«Un uomo che ha sofferto con il suo popolo e per il suo popolo». Con queste parole Regina Lynch, responsabile dei Progetti della Fondazione pontificia Aiuto alla Chiesa che Soffre (ACS), ricorda Mons. Selwanos Boutros Alnemeh, Arcivescovo siro-ortodosso di Homs (Siria), morto a Damasco lunedì 7 dicembre dopo una breve ma grave malattia.
In occasione delle visite della Fondazione a Homs, nella fase più dura della guerra, l’Arcivescovo ha affermato: «Sono stato cresciuto da orfano, la Chiesa era mia madre. Ora tutti in Siria si sentono orfani». La sua breve vita, conclusasi a 52 anni, è stata segnata dalla sofferenza da lui trasformata in devozione paterna e dedicata a numerosi progetti in favore degli orfani e delle famiglie più povere dell’arcidiocesi, anche nelle fasi più difficili della guerra. Altra grande preoccupazione erano i suoi sacerdoti, pastori instancabili ma privi di risorse in un Paese lacerato e sprofondato nella povertà.

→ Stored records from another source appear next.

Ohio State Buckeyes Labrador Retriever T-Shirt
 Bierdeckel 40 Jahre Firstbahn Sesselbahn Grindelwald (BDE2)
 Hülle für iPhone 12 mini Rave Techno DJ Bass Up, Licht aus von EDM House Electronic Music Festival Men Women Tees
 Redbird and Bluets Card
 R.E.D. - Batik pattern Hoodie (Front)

Ha assistito alla distruzione di Homs, alle atrocità e alle persecuzioni ad opera dei jihadisti nei diversi villaggi e contro le comunità cristiane dei dintorni: il massacro di 45 cristiani nell’ottobre 2013 a Sadad, la città natale dell’Arcivescovo in cui viene seppellito oggi e, nel maggio 2014, all’esplosione della bomba che fece saltare in aria la Cattedrale di Homs e causò anche il ferimento del fratello, morto qualche mese dopo per le gravi ferite riportate.

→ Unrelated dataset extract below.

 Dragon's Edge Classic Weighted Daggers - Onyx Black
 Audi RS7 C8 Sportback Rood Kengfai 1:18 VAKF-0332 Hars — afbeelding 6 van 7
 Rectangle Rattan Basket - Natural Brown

Nonostante i duri colpi, il Metropolita di Homs e Hama non si è mai stancato di alimentare la speranza. Insieme ai progetti di emergenza per alleviare il dolore e il bisogno, Mons. Selwanos ha promosso, con l’aiuto della Fondazione, molte altre iniziative per incoraggiare e dare forza alla comunità cristiana, come la “Via della Speranza”: i bambini della Città Vecchia di Homs dipingevano graffiti sui muri delle case distrutte per dimostrare che i cristiani volevano restare e ricostruire quella parte della città rasa al suolo durante la guerra. È stato anche uno dei primi a impegnarsi per la ricostruzione delle case per i cristiani rientrati dopo il cessate il fuoco, ha aperto un asilo a Hama che ha chiamato “Speranza di vita” e ha chiesto borse di studio perché i giovani potessero proseguire al più presto la formazione.
Enorme è stato il suo contributo e la sua dedizione nel far conoscere al mondo la terribile situazione che stavano attraversando. Nel 2016 si è recato con ACS a Ginevra e Bruxelles per descrivere la realtà che i fedeli stavano vivendo e per denunciare l’incuria internazionale per la scomparsa della presenza cristiana in Siria, dovuta alle persecuzioni e alla conseguente emigrazione.
«Sono stati anni di stretta collaborazione e grazie allo zelo di Mons. Selwanos abbiamo potuto realizzare quasi 40 progetti, in tempi di terribili sofferenze e di guerra. È difficile riassumere in poche parole tutto questo lavoro ma egli non solo è stato un baluardo di resistenza contro la disperazione e un combattente per la salvezza della comunità cristiana ma anche esempio di ecumenismo. È una grande perdita», conclude Regina Lynch.